▶ **What to do**: Find the line that contains "Tarmac Works x". Output it and every line after it to the end of the records, exactly as they appear.

▶ **Data to use**:
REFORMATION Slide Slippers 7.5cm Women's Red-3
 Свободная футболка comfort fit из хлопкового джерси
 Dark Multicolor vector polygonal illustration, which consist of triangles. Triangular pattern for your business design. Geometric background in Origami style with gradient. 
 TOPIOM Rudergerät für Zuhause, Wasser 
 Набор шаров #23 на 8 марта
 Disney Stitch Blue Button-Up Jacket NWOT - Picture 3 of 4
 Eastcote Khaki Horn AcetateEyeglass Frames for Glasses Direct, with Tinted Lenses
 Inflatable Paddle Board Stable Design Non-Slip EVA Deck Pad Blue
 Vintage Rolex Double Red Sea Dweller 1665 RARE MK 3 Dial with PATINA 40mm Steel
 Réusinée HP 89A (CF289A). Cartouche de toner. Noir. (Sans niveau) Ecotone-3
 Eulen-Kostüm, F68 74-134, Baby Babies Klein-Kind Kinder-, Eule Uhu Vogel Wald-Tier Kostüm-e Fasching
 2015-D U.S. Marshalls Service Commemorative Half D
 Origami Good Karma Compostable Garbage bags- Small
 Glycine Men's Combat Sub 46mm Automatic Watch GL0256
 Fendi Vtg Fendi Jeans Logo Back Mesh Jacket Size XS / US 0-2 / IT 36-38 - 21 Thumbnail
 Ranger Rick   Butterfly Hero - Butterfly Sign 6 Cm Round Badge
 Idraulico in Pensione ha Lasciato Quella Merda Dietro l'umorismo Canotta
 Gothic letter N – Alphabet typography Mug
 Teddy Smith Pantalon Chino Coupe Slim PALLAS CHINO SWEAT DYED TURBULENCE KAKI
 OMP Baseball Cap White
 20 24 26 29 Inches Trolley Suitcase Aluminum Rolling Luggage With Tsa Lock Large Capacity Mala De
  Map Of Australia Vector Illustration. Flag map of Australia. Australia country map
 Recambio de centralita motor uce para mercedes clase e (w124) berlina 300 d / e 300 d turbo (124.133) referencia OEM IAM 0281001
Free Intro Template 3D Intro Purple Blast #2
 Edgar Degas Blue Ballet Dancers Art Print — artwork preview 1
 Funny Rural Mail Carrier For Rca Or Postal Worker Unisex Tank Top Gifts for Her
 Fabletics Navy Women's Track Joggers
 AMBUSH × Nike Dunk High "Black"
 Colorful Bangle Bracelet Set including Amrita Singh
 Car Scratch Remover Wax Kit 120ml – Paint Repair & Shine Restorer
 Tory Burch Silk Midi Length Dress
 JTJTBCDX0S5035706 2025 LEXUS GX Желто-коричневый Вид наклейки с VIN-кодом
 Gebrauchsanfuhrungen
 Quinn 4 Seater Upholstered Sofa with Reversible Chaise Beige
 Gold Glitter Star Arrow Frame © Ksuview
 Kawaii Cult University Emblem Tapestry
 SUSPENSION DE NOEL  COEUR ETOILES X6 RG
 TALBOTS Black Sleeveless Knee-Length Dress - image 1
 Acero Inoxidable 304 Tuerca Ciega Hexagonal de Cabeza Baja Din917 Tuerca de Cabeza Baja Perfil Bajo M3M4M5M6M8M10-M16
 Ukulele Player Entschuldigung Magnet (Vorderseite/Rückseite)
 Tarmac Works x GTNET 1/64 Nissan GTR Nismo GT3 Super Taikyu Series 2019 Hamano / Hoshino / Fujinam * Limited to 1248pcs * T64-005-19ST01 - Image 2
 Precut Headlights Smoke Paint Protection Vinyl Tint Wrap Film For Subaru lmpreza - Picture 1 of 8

▶ **Worked solution**:
 Tarmac Works x GTNET 1/64 Nissan GTR Nismo GT3 Super Taikyu Series 2019 Hamano / Hoshino / Fujinam * Limited to 1248pcs * T64-005-19ST01 - Image 2
 Precut Headlights Smoke Paint Protection Vinyl Tint Wrap Film For Subaru lmpreza - Picture 1 of 8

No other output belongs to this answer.